[A] Classification of group actions on von Neumann algebras (1987-1990)
We have worked on classification problems of group actions on injective factors. We have classified certain types of one-parameter automorphism groups of the hyperfinite II_{1} factor in [1], actions of discrete abelian groups on injective factors in [2], and actions of compact abelian groups on injective factors in [3]. Paper [3] has been a source for many recent classification papers on group actions and realted topics.
[B] Subfactor theory (1990-1998)
We have studied theory of subfactors initiated by V. F. R. Jones. We have clarified basics of paragroup theory of Ocneanu and introduced the orbifold construction for subfactors in [4], [5]. We have also studied the structure of the automorphism groups of subfactors in [6]. These studies have been compiled into a book [7], which has been cited for more than 170 times on MathSciNet.
[C] Conformal field theory and operator algebras (since 1998)
We have been studying operator algebraic approach to conformal field theory. We have unified the theory of alpha-induction studied by Longo, Rehren and Xu, and Ocneanu's graphical calculus, and obtained various fundamental results in [8], [10], which have been used in a wide context. We have introduced a key notion of complete rationality, given its operator algebraic characterization, and proved non-degeneracy of braiding in [9]. This was the first such achievement in a general setting of conformal field theory.

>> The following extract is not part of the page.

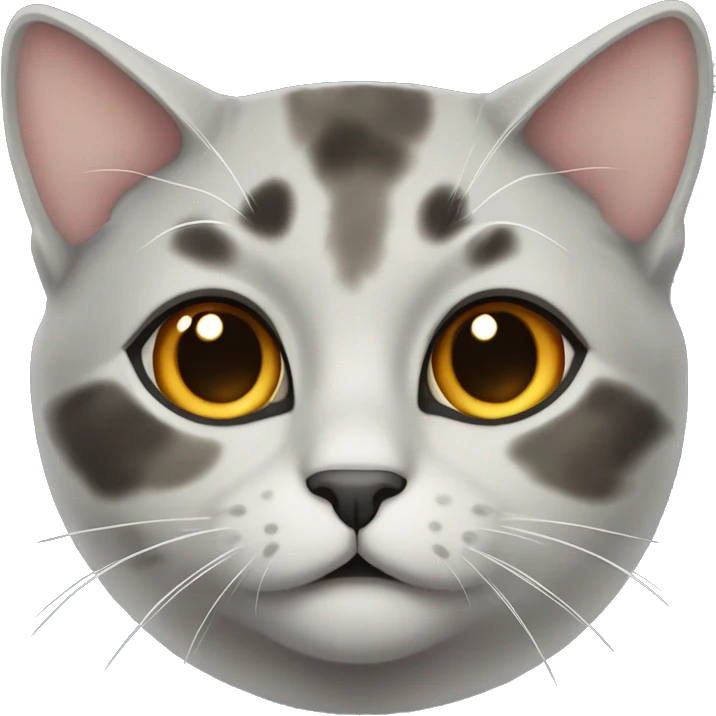 Dilute grey tortoiseshell cat emoji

We have classified operator algebraic chiral conformal field theories with central charge less than 1 in [11]. This is the first definite classification result in the history of 50 years of algebraic quantum field theory and our classification list contains an example which does not seem to be constructed with other known methods. We have also obtained a related classification result for full conformal field theory in [12].
We have constructed an operator algebraic counterpart of the Moonshine vertex operator algebra and shown that its automorphism group is indeed the Monster group in [13].
We have given a construction of spectral triples, "noncommutative manifolds" in noncommutative geometry, from a superconformal field theory in [14]. This has given a new relation between superconformal field theory and noncommutative geometry. In [15], we further studied noncommutative geometric aspects of N=2 superconformal field theory, and through computations of the index pairing, have found a new connection between subfactor theory and noncommutative geometry. On the way, we have also found a new proof of the character formulas of the N=2 super Virasoro algebras, which have not been well-understood.
We have given a general construction for a local conformal net from a (strongly local) vertex operator algebra and a backward construction in [16]. This gives the first definite connection between the two mathematical approaches to conformal field theory which has been sought for more than 15 years.